Patrick Malléa and Jérémy Clech of the AI4EU consortium tell HEQ about the benefits and challenges offered by AI in clinical research and care.
Healthcare delivery and research is increasingly integrating Artificial Intelligence (AI) technologies as a means of generating and assessing patient data. Patrick Malléa and Jérémy Clech of the AI4EU consortium tell HEQ about the benefits and challenges offered by AI in the clinical research and care sectors.
How could wider adoption of Artificial Intelligence (AI) technologies improve healthcare delivery? Is AI likely to play a larger role in healthcare in the future?

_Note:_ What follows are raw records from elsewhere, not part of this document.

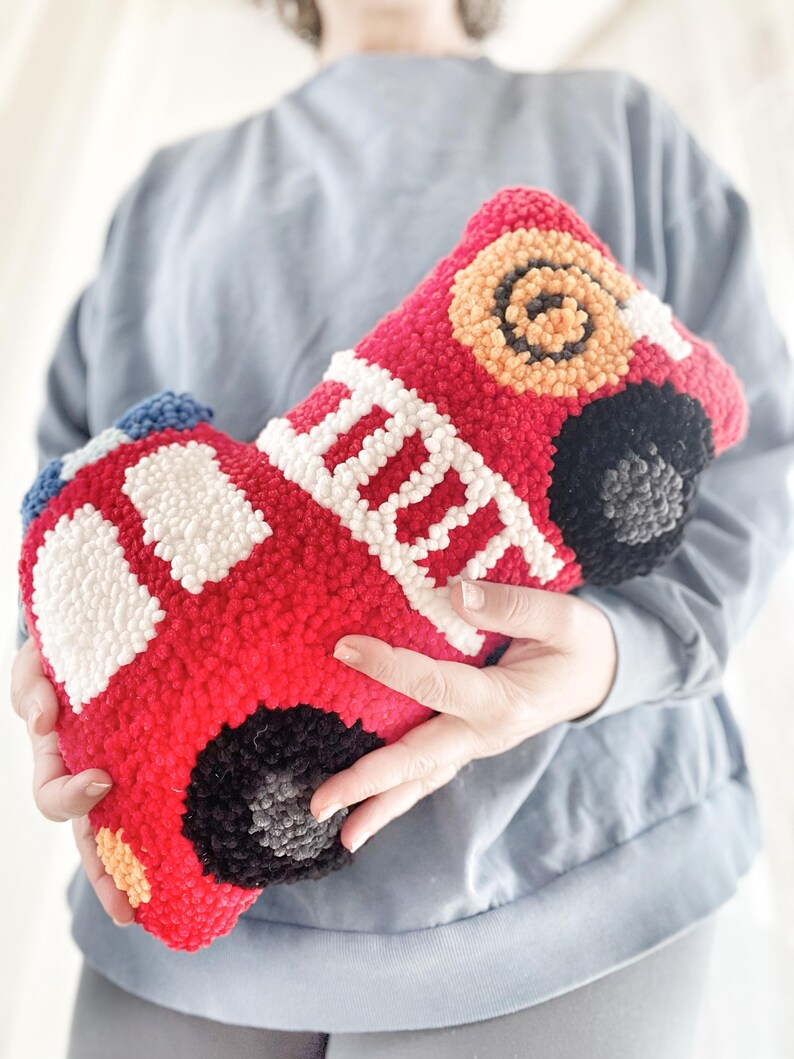 Puede incluir: Un juguete de peluche con forma de cami&oacute;n de bomberos rojo con detalles blancos y negros. El juguete est&aacute; hecho de hilo y tiene un efecto 3D.
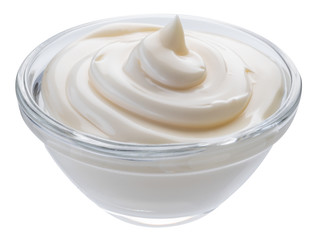 Mayonnaise swirl in glass bowl. Clipping path.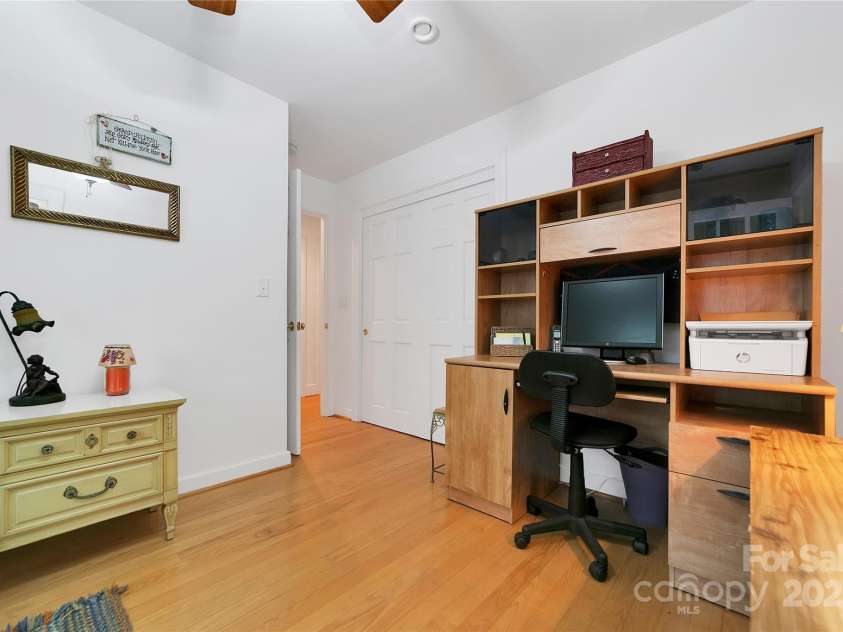 229 Hubbard Hollow Road, Rosman, NC 28772.  MLS# CAR4264936, YatesRealty ID 23454. Also on the garage side of the house are three more bedrooms and another full bath. Three bedroom septic system, but actually 4 bedrooms in the house. This fourth bedroom is being used as an office with a bed.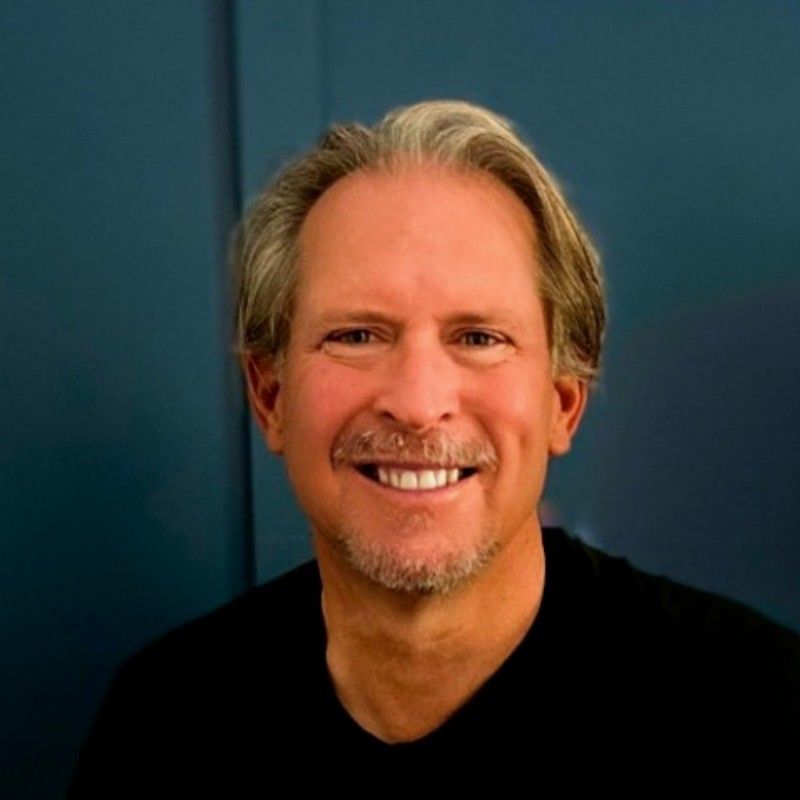 A man with a beard is smiling for the camera while wearing a black shirt.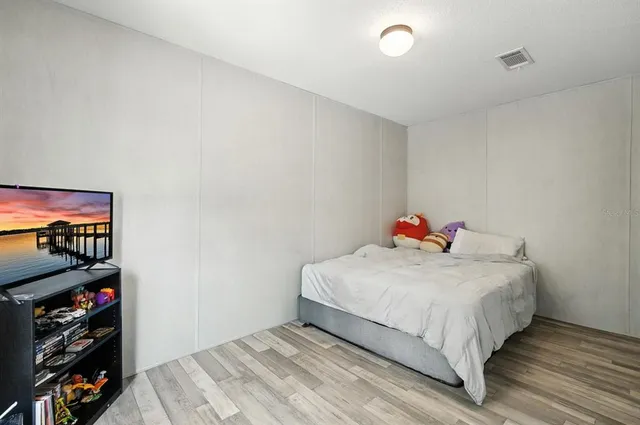 a living room with furniture kitchen view and a wooden floor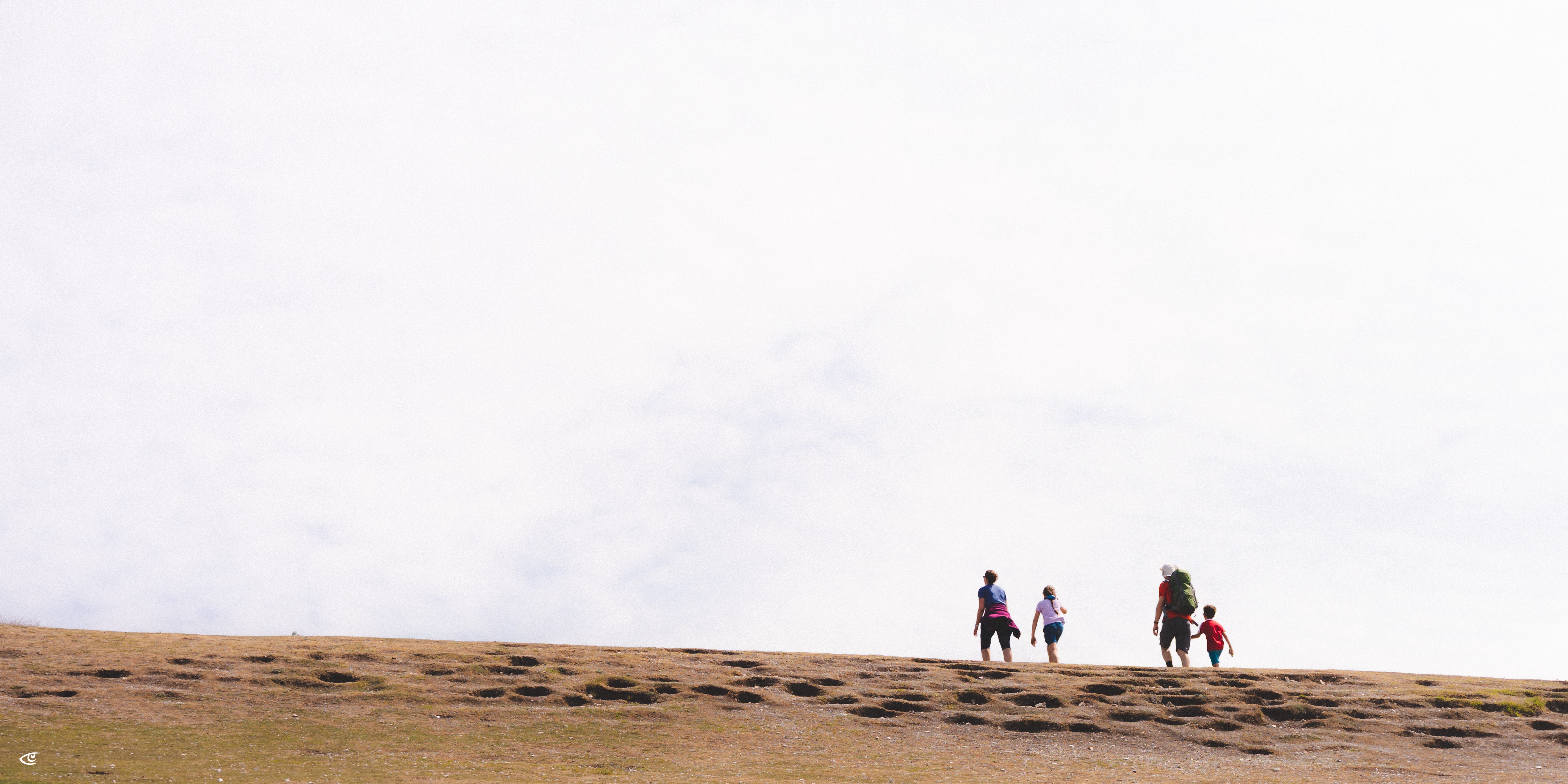 Four hikers walking along a grassy ridge line, silhouetted against a bright overcast sky, with open field in the foreground.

Patrick Malléa: Providing care is just one step within the much larger context of the health course. In terms of care, the health course includes an upstream phase dedicated to the prevention or detection of a disease, and a downstream phase dedicated to the management of the disease (access and co-ordination of care, avoiding aggravation of symptoms). The challenge in health, more than ever, is not limited to providing care, but rather to bring to the patients the best possible quality of life with their chronic or long-term disease. Therefore the health course is extended to include patients’ return home and remote monitoring. By intervening in each stage, by providing a personalised response adapted to each person which can be made available close to where they live, and by managing this health course as a whole, we can improve the quality of life of our fellow citizens. AI can help in all of those situations.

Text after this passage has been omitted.